── Material shown ──

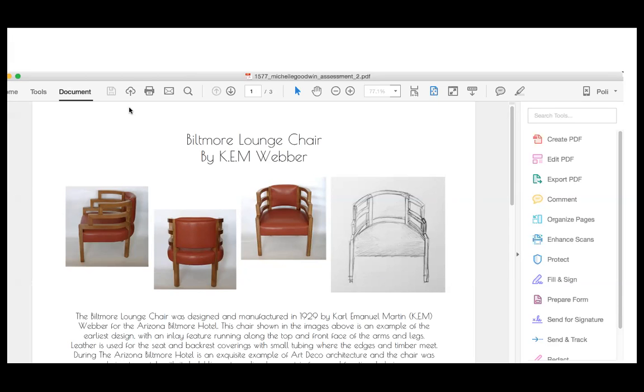And with the curve of the back as well is also very typical of that design period. And going to the second page. Yeah, great selection by the way. Guys, what do you think? It's lovely. Yeah, it's a beautiful Art Deco piece. It's a perfect one.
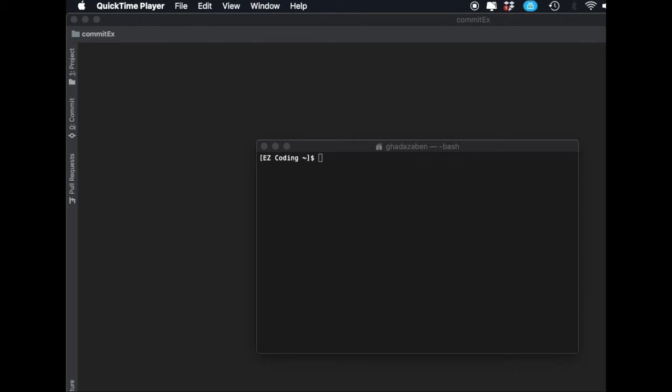What's up guys? In this video I'm going to show you how to install Homebrew on your Macintosh computer. It's a very simple process, just follow along and you'll get it done in no time.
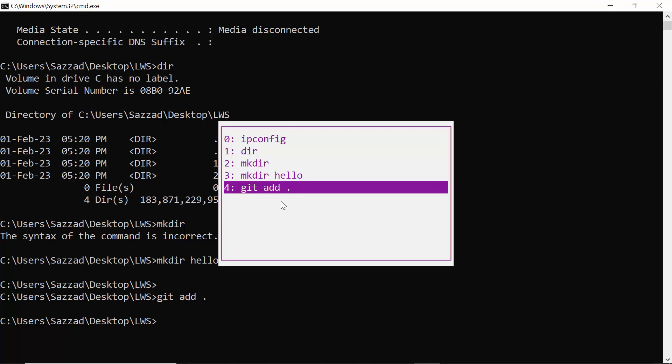So by pressing F7 you can see all the commands that you used on your CMD. So this is it, thank you, thanks for watching.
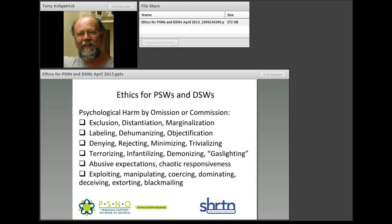Gaslighting comes from the Alfred Hitchcock film 'Gaslight,' in which an emotionally abusive partner uses various means — including varying the gas flow to turn lights up and down — to cause the partner to question their own sanity. Gaslighting refers to the manipulation of both the environment and a person's thought patterns to cause them to doubt their own sanity.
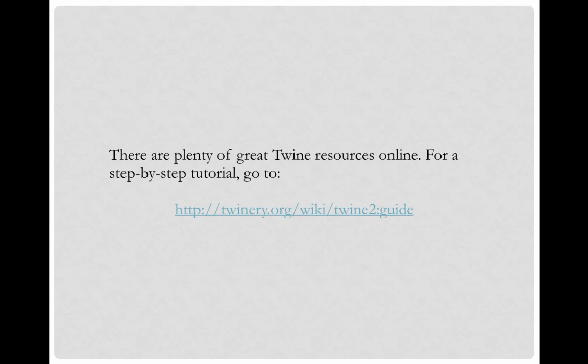If you're interested in learning more about what you can do with Twine, there are plenty of great Twine resources online. For a step-by-step tutorial, you can go to Twinery.org and click the wiki button, or follow the link here in the video. Thanks so much for watching.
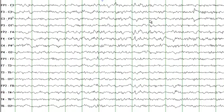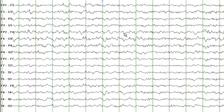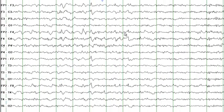Just to remind you, frequencies that are less than 4 waves per second — so frequencies of less than 4 Hz — are called delta frequencies. You can see this very slow wave here, which is in the delta range. In a normal adult EEG, you expect to see an occipital dominant alpha rhythm, which is not seen on this EEG.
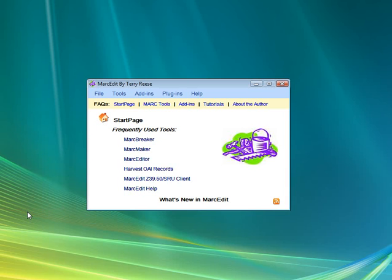Basically, it's an open data catalog for library data. One of the things that Joshua talked about was how to integrate into their web services and basically add records, modify records,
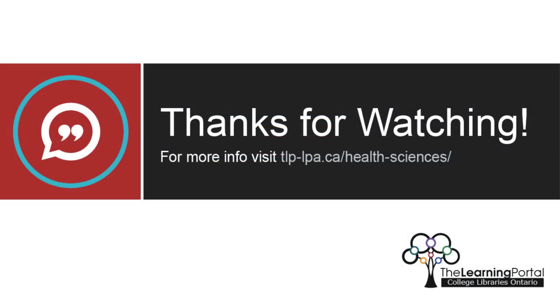You now know the basics of how to use a citation manager to keep track of sources and create references. Thanks for watching!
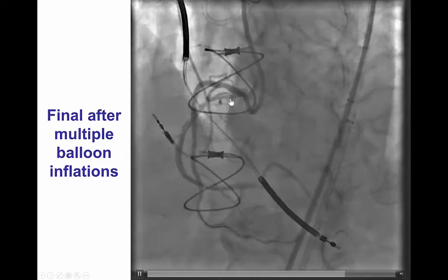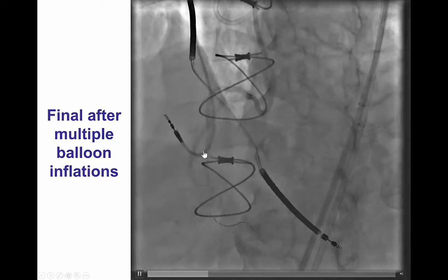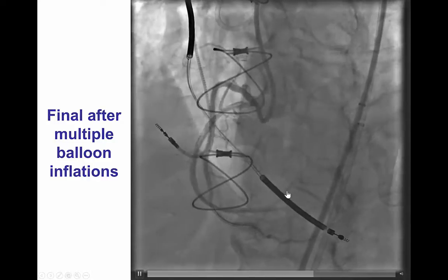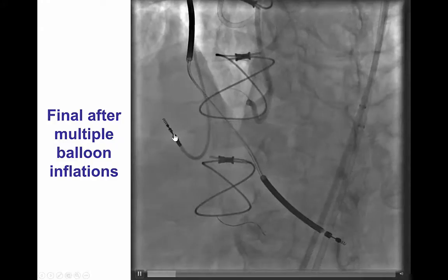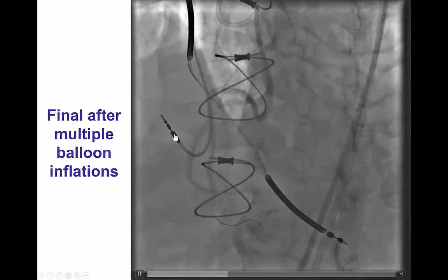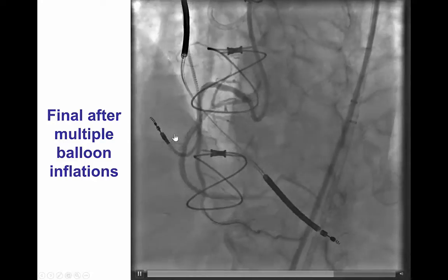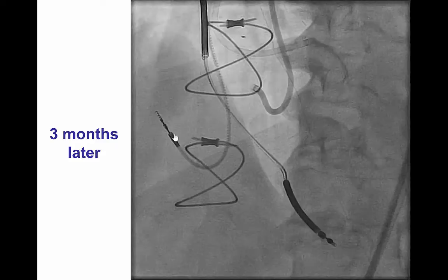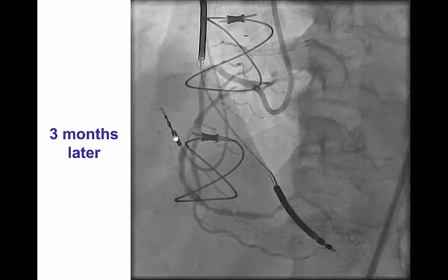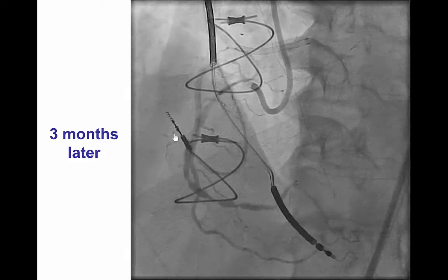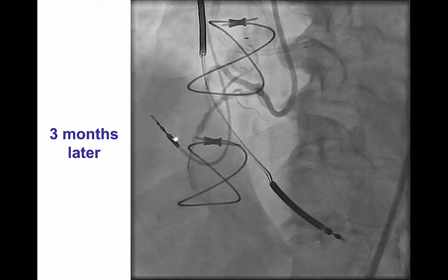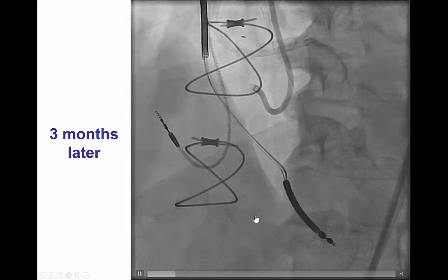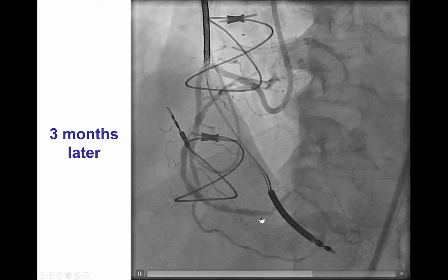After balloon angioplasty, there is antegrade flow all the way to the PDA and the PLV. However, there are significant dissections in the entire length of the right coronary artery, so we did not place stents. The patient came back three months later, and now there was a channel that had formed within the dissection planes.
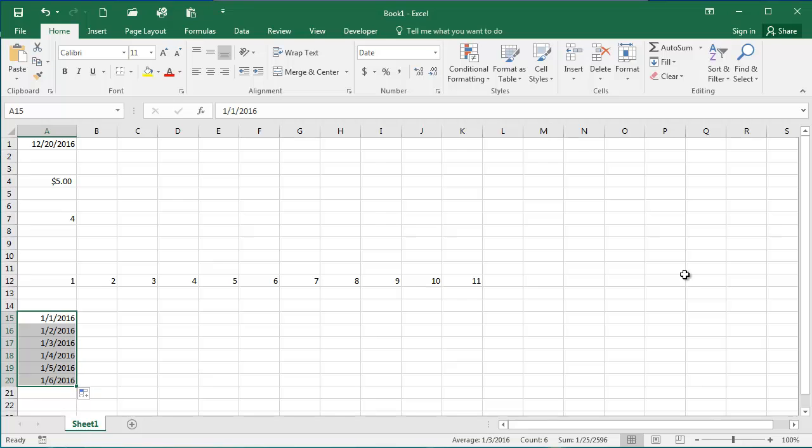Coming up next, you'll test your knowledge of entering data and using fill handles in Excel in an exercise.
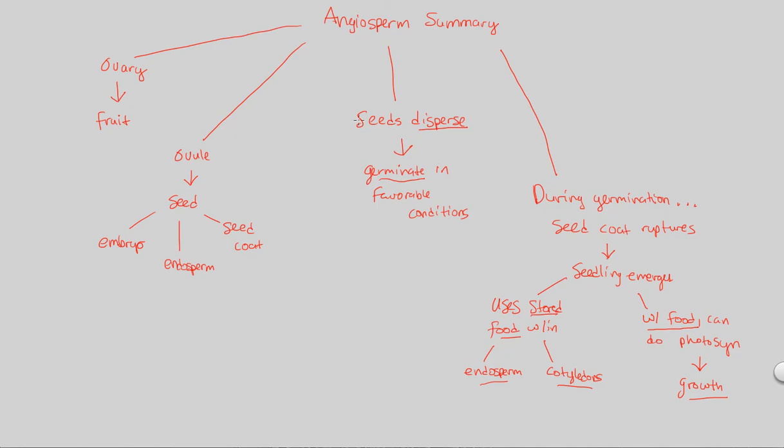We'll conclude our look at plant diversity 2, this lecture overall, by finishing with some angiosperm diversity.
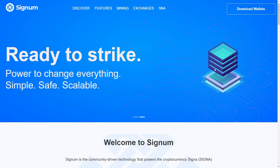Welcome. In this video I'm going to show you how to connect to different Signum nodes, or even your own node. We will learn to connect to different nodes through the different official wallets. As a requirement, you must be familiar with the Signum ecosystem by at least having an account. So let's begin.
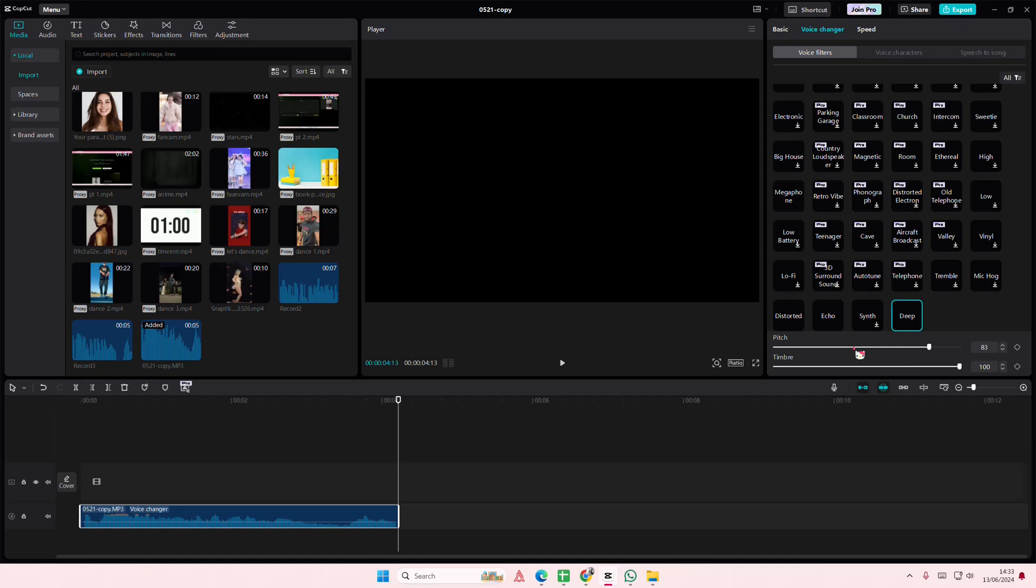And that's pretty much it really. It is a little bit complicated, you do have to export it once to add in another filter over it. But yeah, that's pretty much how you can make your voice sound like it's underwater. I hope this tutorial is helpful for you guys.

───

• [What is expected]: Copy the records exactly, leaving out every picture.

• [Task answer]:
And with the curve of the back as well is also very typical of that design period. And going to the second page. Yeah, great selection by the way. Guys, what do you think? It's lovely. Yeah, it's a beautiful Art Deco piece. It's a perfect one.
What's up guys? In this video I'm going to show you how to install Homebrew on your Macintosh computer. It's a very simple process, just follow along and you'll get it done in no time.
So by pressing F7 you can see all the commands that you used on your CMD. So this is it, thank you, thanks for watching.
Gaslighting comes from the Alfred Hitchcock film 'Gaslight,' in which an emotionally abusive partner uses various means — including varying the gas flow to turn lights up and down — to cause the partner to question their own sanity. Gaslighting refers to the manipulation of both the environment and a person's thought patterns to cause them to doubt their own sanity.
If you're interested in learning more about what you can do with Twine, there are plenty of great Twine resources online. For a step-by-step tutorial, you can go to Twinery.org and click the wiki button, or follow the link here in the video. Thanks so much for watching.
Just to remind you, frequencies that are less than 4 waves per second — so frequencies of less than 4 Hz — are called delta frequencies. You can see this very slow wave here, which is in the delta range. In a normal adult EEG, you expect to see an occipital dominant alpha rhythm, which is not seen on this EEG.
Basically, it's an open data catalog for library data. One of the things that Joshua talked about was how to integrate into their web services and basically add records, modify records,
You now know the basics of how to use a citation manager to keep track of sources and create references. Thanks for watching!
After balloon angioplasty, there is antegrade flow all the way to the PDA and the PLV. However, there are significant dissections in the entire length of the right coronary artery, so we did not place stents. The patient came back three months later, and now there was a channel that had formed within the dissection planes.
Coming up next, you'll test your knowledge of entering data and using fill handles in Excel in an exercise.
We'll conclude our look at plant diversity 2, this lecture overall, by finishing with some angiosperm diversity.
Welcome. In this video I'm going to show you how to connect to different Signum nodes, or even your own node. We will learn to connect to different nodes through the different official wallets. As a requirement, you must be familiar with the Signum ecosystem by at least having an account. So let's begin.
And that's pretty much it really. It is a little bit complicated, you do have to export it once to add in another filter over it. But yeah, that's pretty much how you can make your voice sound like it's underwater. I hope this tutorial is helpful for you guys.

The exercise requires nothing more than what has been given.